La protection des consommateurs est garantie par la responsabilité de plein droit du fabricant. Le code civil laisse néanmoins à la charge de la victime la preuve du fait du produit, du dommage et du lien de causalité (arrêt du 4 février 2015).

1-La passagère d’une motomarine est projetée en arrière lors d’une accélération de l’engin et gravement blessée par la pression de la turbine du véhicule. Elle assigne en réparation le propriétaire de l’engin et son assureur qui appellent en garantie le fabricant de l’engin.

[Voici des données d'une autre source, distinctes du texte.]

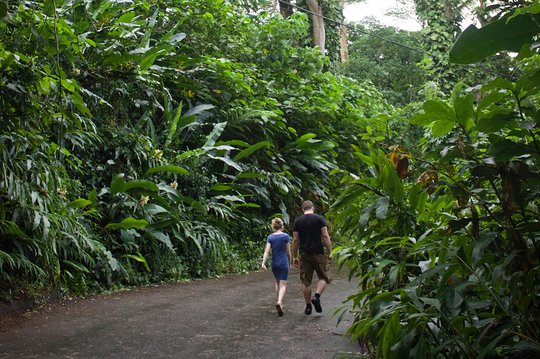 Tour image 6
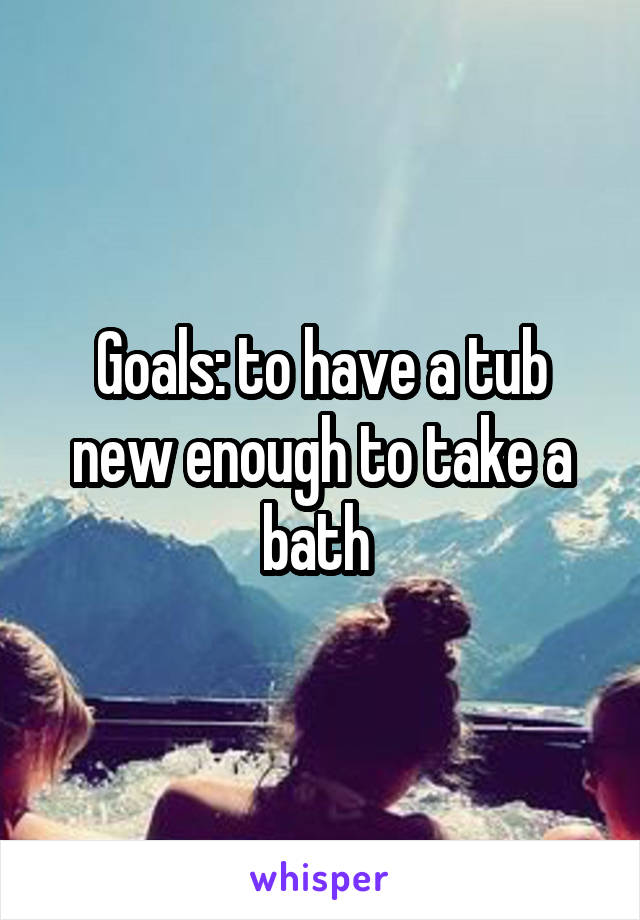Goals: to have a tub new enough to take a bath 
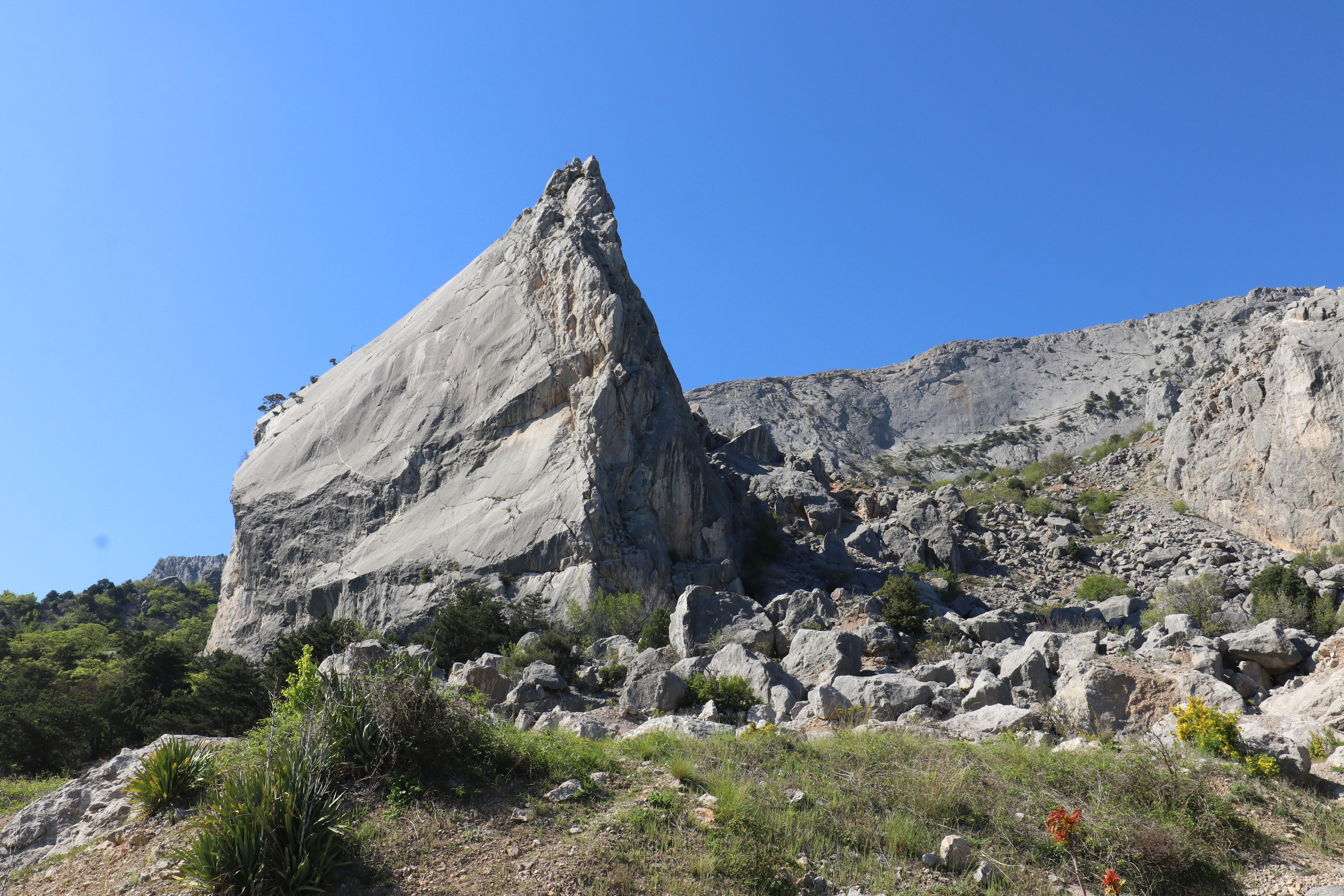Крым. ЮБК (Севастополь, Кастрополь, Ялта). Май 2023. Путешественник-фотограф из Санкт-Петербурга Татьяна Свистулина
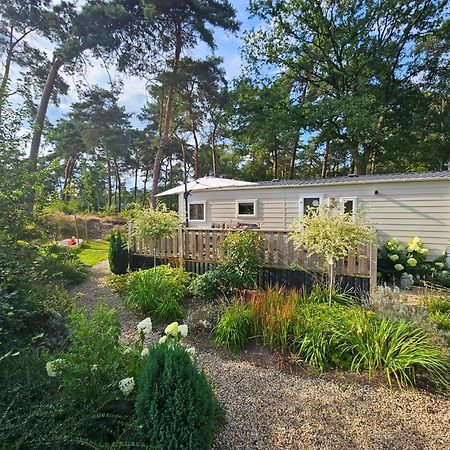 Luxe 4 Persoons Chalet Op 5 Sterren Camping Raalte Eksteriør bilde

2-Pour condamner le fabricant à garantir le propriétaire de l’engin et son assureur des condamnations prononcées à leur encontre, l\’arrêt retient qu’il n’établit pas que l’étiquette rappelant la nécessité de porter un vêtement de protection a été apposée sous le guidon de la motomarine. Il en déduit que le véhicule n’a pas offert, par sa présentation, la sécurité à laquelle la passagère pouvait légitimement s’attendre

3-L’arrêt est cassé au motif que la cour d’appel a inversé la charge de la preuve alors qu’il appartient au demandeur en réparation du dommage causé par un produit qu’il estime défectueux de prouver le défaut invoqué.

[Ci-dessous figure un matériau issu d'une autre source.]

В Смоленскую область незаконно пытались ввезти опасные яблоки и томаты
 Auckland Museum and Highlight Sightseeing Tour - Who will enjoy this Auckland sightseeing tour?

4-S’inspirant de la jurisprudence de la Cour de cassation ayant mis dans les années 1990 une obligation de sécurité de résultat à la charge du fabricant, directive n° 85/374 du 25 juillet 1985[1], une responsabilité de plein droit du producteur envers les victimes de dommages dus à un défaut de sécurité des produits qu\’ils ont mis en circulation.

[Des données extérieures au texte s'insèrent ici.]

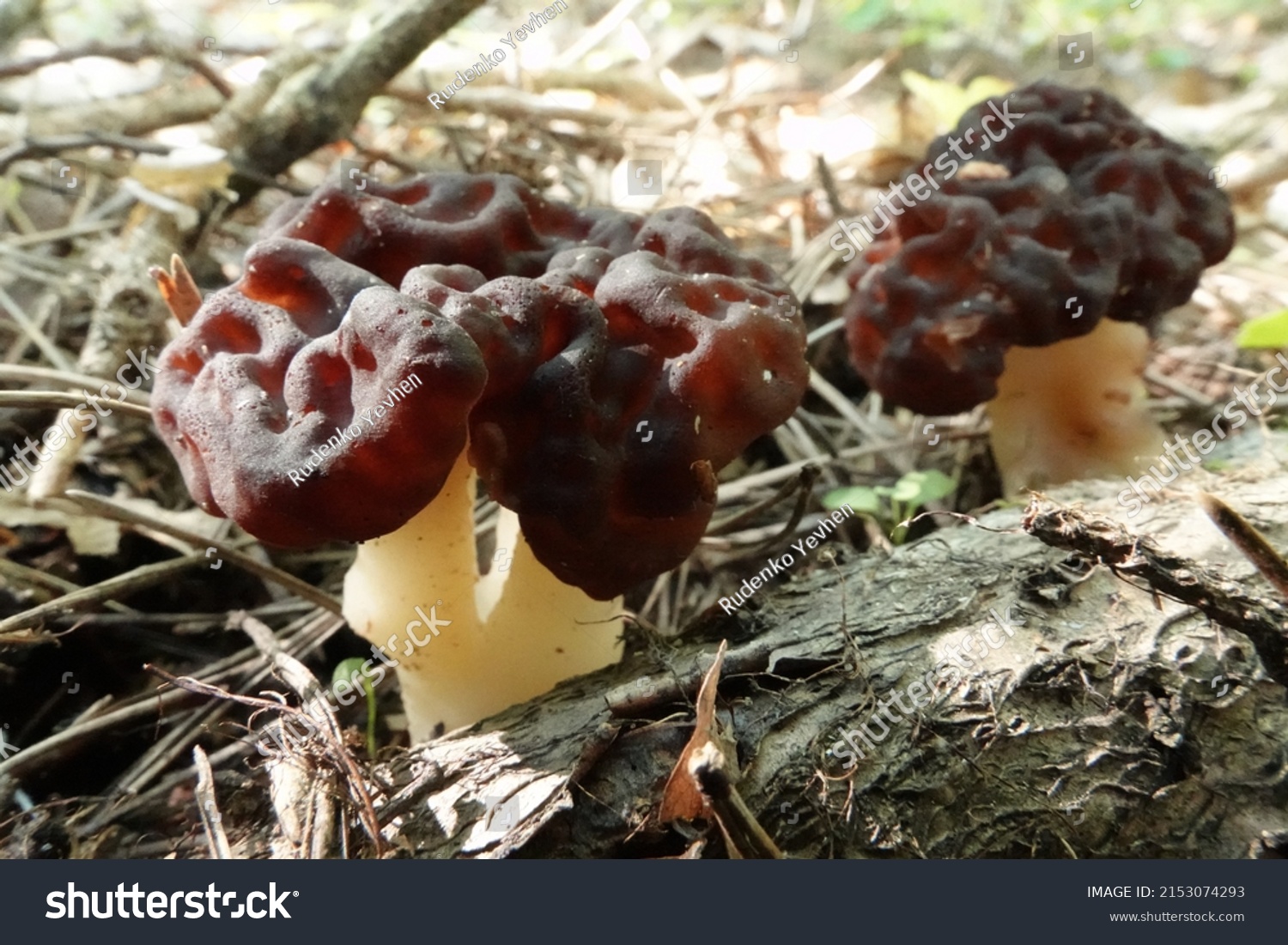 Deadly False Morel Gyromitra Esculenta Stock Photo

5-Si les victimes ont pu bénéficier, pendant un temps, d’une option entre le droit national et le droit communautaire, la CJCE y a mis fin en décidant que le droit commun n\’est pas applicable aux produits mis en circulation après le 21 mai 1998 (date d\’entrée en vigueur de la loi du 19 mai 1998).

6-La loi met à la charge de la victime la preuve du fait du produit, du dommage et du lien de causalité (C. civ., art.1386-3) à l\’exclusion des immeubles. Elle s’applique à ceux défectueux c\’est-à-dire ceux qui « n’offrent pas la sécurité à laquelle on peut légitimement s\’attendre » (art. 1386-4) . Cette formule pourrait prêter à confusion si on considérait que tout produit défectueux est celui qui crée un danger pour les personnes ou pour les biens ce qui permettrait à la victime d’établir que la preuve de son défaut est administrée par la seule survenance du dommage. La Cour de cassation à dissipé ce malentendu et affirmé que dangereux ne signifiait pas défectueux dans une espèce où elle a censuré une cour d’appel pour n’avoir pas recherché « si, au regard des circonstances et notamment de la présentation du produit, de l’usage que le public pouvait raisonnablement en attendre, du moment de sa mise en circulation et de la gravité des effets nocifs constatés, le produit était défectueux [2]».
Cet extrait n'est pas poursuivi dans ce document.